Kritik an Esken SPD-Innenminister attackieren SPD-Chefin wegen Rassismus-Äußerung

"Hilft überhaupt nicht weiter!" SPD-Innenminister empören sich über ihre Parteichefin: Mit ihren Äußerungen über "latenten Rassismus" diskreditiere sie die Arbeit der Polizei.
SPD-Chefin Esken: Ihre Sicht verdrehe die Perspektive, sagt ein Genosse

SPD-Chefin Esken: Ihre Sicht verdrehe die Perspektive, sagt ein Genosse

Foto: Gregor Fischer/ DPA

Unter den Innenpolitikern der SPD gibt es Unmut über Parteichefin Saskia Esken. Sie hatte eine unabhängige Rassismus-Untersuchung bei der Polizei gefordert und von "latentem Rassismus in den Reihen der Sicherheitskräfte gesprochen". Boris Pistorius, SPD-Innenminister in Niedersachsen, weist Eskens Urteil scharf zurück und kritisiert ihren Vorstoß im Kontext der Ereignisse in den USA.

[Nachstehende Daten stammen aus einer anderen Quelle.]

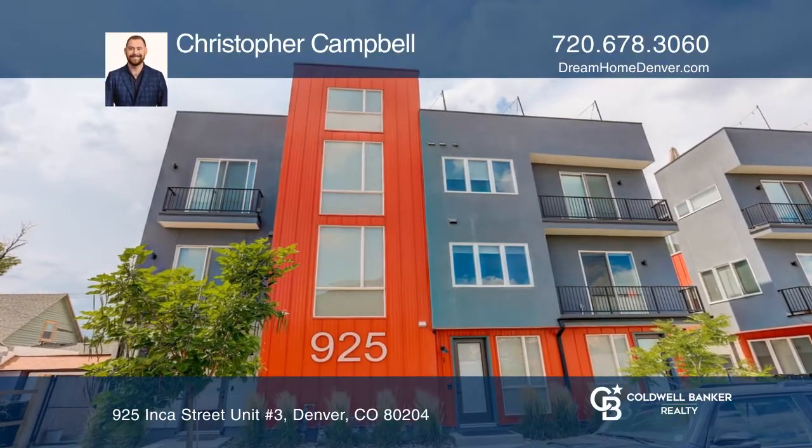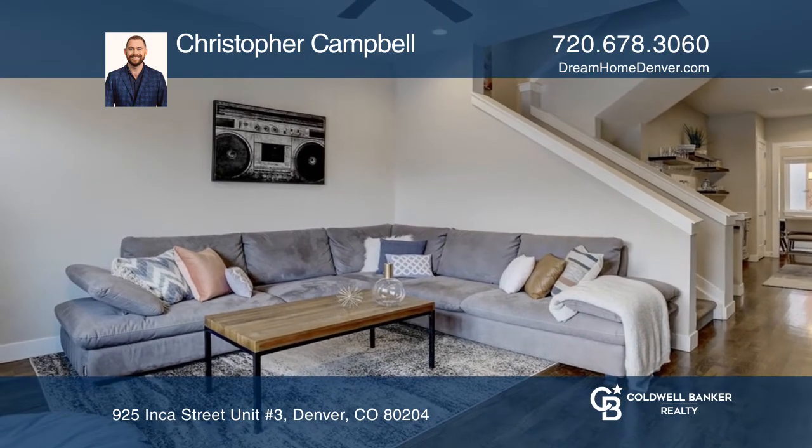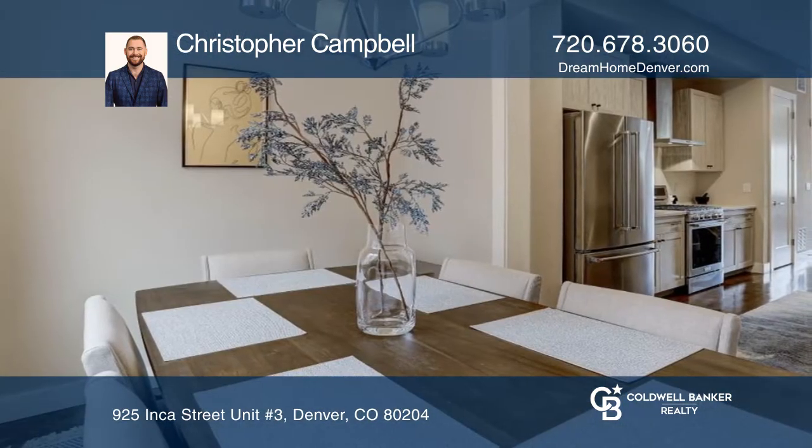This two bedroom two and one half bath townhome offers high ceilings, stainless steel KitchenAid appliances, hardwood floors and a dining room. Upstairs includes two bedrooms with ensuite baths and laundry.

"Die Polizei in Deutschland steht fest auf dem Boden von Recht und Verfassung", sagte Pistorius dem SPIEGEL. "Sie ist hervorragend und umfassend ausgebildet. Die Unterschiede zur Ausbildung und Auswahl der Polizei in den USA sind offensichtlich und machen einen immensen Unterschied. Jeder direkte Vergleich an dieser Stelle läuft ins Leere und ist deplatziert."

Zwar gebe es auch in Deutschland in allen gesellschaftlichen Bereichen Alltagsrassismus, sagte Pistorius. "Aber der Polizei zu unterstellen, sie habe ein größeres Problem mit Rassismus als andere Lebensbereiche, ist falsch und setzt die mehr als 300.000 Polizisten in Deutschland einem ungerechtfertigten Generalverdacht aus." (Mehr zum Generalverdacht-Vorwurf lesen Sie hier.)

Er erlebe die Polizei in Niedersachsen "als professionell, fair und weltoffen". Der Anteil an Polizisten mit Migrationshintergrund steige von Jahr zu Jahr. Die Polizei sei "vielfältiger, weiblicher und bürgerorientierter denn je", sagte Pistorius. "Wir bauen das weiter aus und freuen uns über alle klugen Ratschläge. Der aktuelle Kommentar aus Berlin hilft dabei allerdings überhaupt nicht weiter." Er habe seine Parteivorsitzende in die niedersächsische Polizeiakademie eingeladen, "um ihr einen Eindruck von der Ausbildung und unseren Programmen zu geben".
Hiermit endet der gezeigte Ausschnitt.